Re: Client-side highlighting; tag proposal

Joe English (jenglish@crl.com)
Tue, 14 Mar 1995 23:13:58 +0500


sjd@ebt.com (Steven J. DeRose) wrote:

> At 1:35 AM 3/14/95 +0500, Joe English wrote:
> >This is not much of an issue for HTML documents on the Web,
> >since they tend to be small and are rendered as a single unit
> >anyway. It's not like a browser is going to display the book of
> >Leviticus and have to worry about a marked region starting in Exodus
> >and ending in Deuteronomy.
>
> On the contrary, that is *exactly* the problem. I do have Leviticus on a
> web site, and although my server is kind enough to break it into net-size
> chunks if/when asked, I sure do have to know whether there is some
> long-distance thing in effect, otherwise we can't know to send whatever
> start-tag caused it when sending a smaller piece.

The *browser* only needs to worry about the net-sized chunks though.

Would HyTime spanlocs (or equivalent) help the server in a case like this?
That is, would it be any easier for the server to recognize that
Leviticus is in the middle of a marked range if the range
were identified by an external locator instead of by embedded
<MARK> elements? (or <SPOT> elements, which I'm starting to
like better now.) Maybe it can -- there's an obvious optimization
for the case where both locators are treelocs, but in the general
case I really don't see how it would help.

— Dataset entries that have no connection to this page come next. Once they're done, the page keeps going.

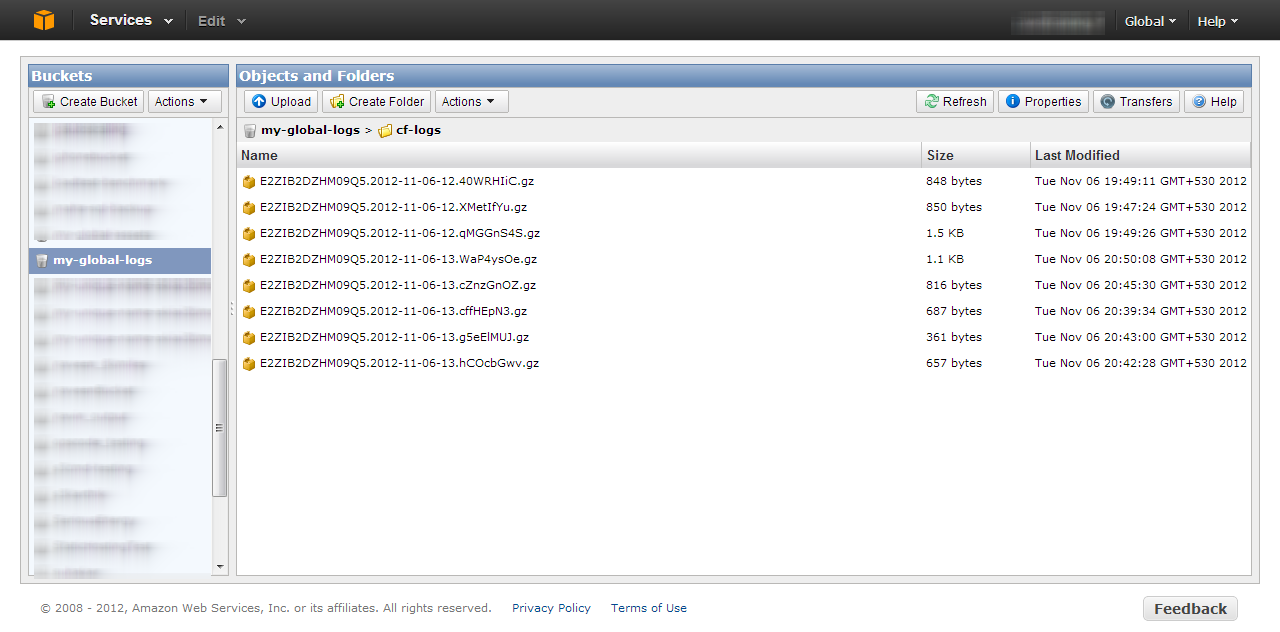 Cloudfront Ssl Termination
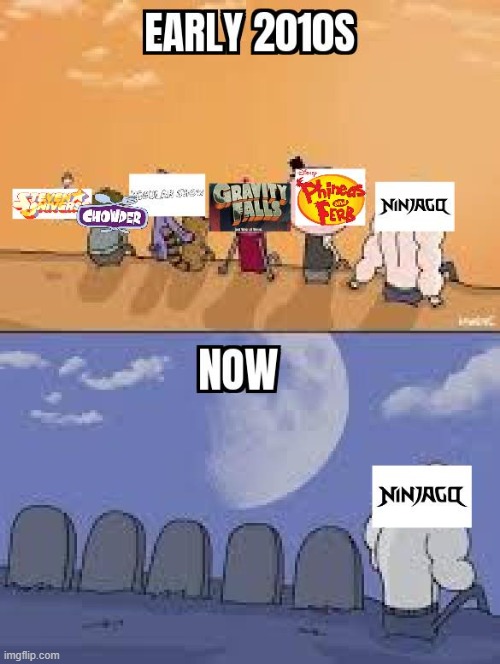 nostagolic cartoons | made w/ Imgflip meme maker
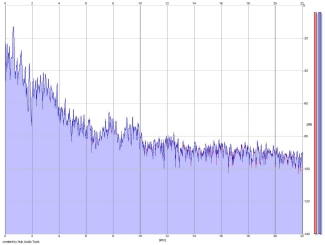 Frequency Analysis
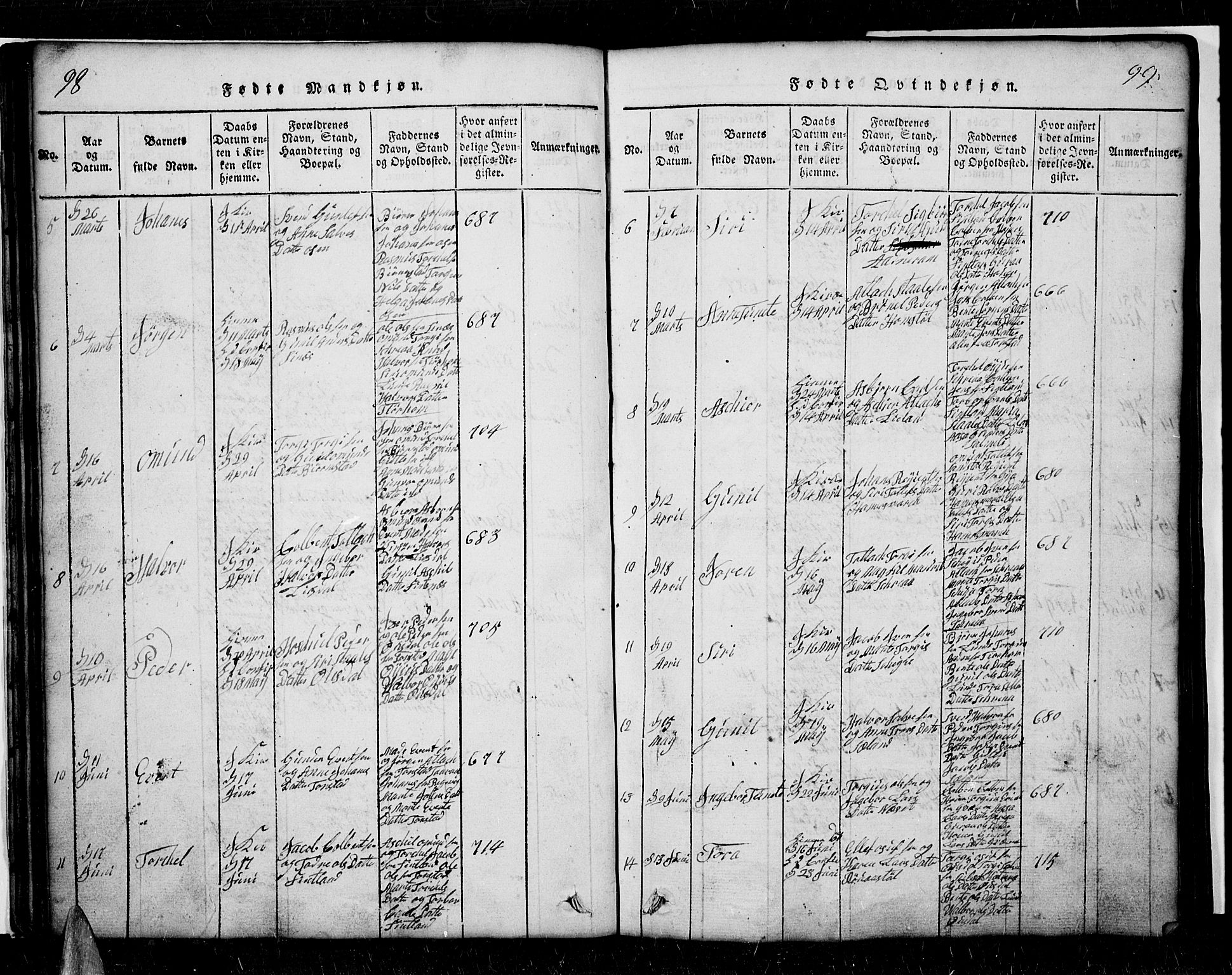 Sirdal sokneprestkontor, SAK/1111-0036/F/Fb/Fbb/L0001: Parish register (copy) no. B 1, 1815-1834, p. 98-99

> >> Likewise, one cannot easily build a stack-based
> >> formatter, e.g. that keys styles off the list of element types in one's
> >> ancestry.
> >
> >This is only partly true, and irrelevant besides.
> >If the browser is going to include this functionality --
> >highlighting regions that may cross element boundaries --
> >it can't use ancestor-driven style resolution in any case,
> >regardless of how the regions are identified.
>
> Your critique is incorrect. Existence proof: open a dynatext book, since
> dynatext does in fact use "ancestor-driven style resolution" for SGML.
> It quite happily supports "highlighting regions that may cross element
> boundaries" -- just do a drag-select or a phrase search and watch.

That's basically the point I was trying to make.
See if this makes sense:

> >> Likewise, one cannot easily build a stack-based
> >> formatter, e.g. that keys styles off the list of element types in one's
> >> ancestry.

[ my comment sneakily removed to make it look like Steven was
answering the above and not me --JE ]

> Your critique is incorrect. Existence proof: open a dynatext book, since
> dynatext does in fact use "ancestor-driven style resolution" for SGML.
> It quite happily supports "highlighting regions that may cross element
> boundaries" -- just do a drag-select or a phrase search and watch.

> >And lastly, you *can* use a single-pass parser with a stack-based
> >formatter to keep track of marked spans.
>
> Precisely my point: you must do O(n), not O(lg n). Is that not unfortunate?

How do you format a document with n elements in O(lg n) time?

Once you've *parsed* the document, you can *display any piece of it*
in O(m * d) time (m being the size of the piece, d being the
depth of the element hierarchy -- not exactly O(lg n), but close enough).
This is true of the scheme I had in mind too; tracking the marked
regions during parsing is no more expensive than processing an
LPD would be (that's cheap, BTW). It boils down to doing
something like #POSTLINK processing during the parse; you don't
need to scan backwards during rendering.

I agree with the rest of your points (which I've deleted); HyTime or
HyTime-like locators would be a better approach than <MARK> or
<SPOT> elements would be. I *don't* agree that <MARK> should be
dropped from HTML 3 just because HyTime could do it better, though, any
more than <P align=center> should be eliminated once stylesheets come
along. <MARK> has the distinct advantage of simplicity, for both
browsers and search agents. The arguments against it are IMO not valid.

I also agree that <MARK>-like elements have no place in
DTDs intended for large-scale authoring. HTML is not such
a DTD, though. It's for lightweight presentation and delivery,
and <MARK> is a good lightweight mechanism.

I also also agree that universal support for HyTime in Web browsers
would be great. I have serious doubts that it will happen
any time soon though; the most popular browsers around still don't
support entity declarations or marked sections, and don't even get
attribute value literals right. (If the release of Panorama
causes a mass migration away from Netscape, I'll reconsider
this one, but until that happens I have little hope that HyTime
is a viable solution for the Web as a whole.)

--Joe English

jenglish@crl.com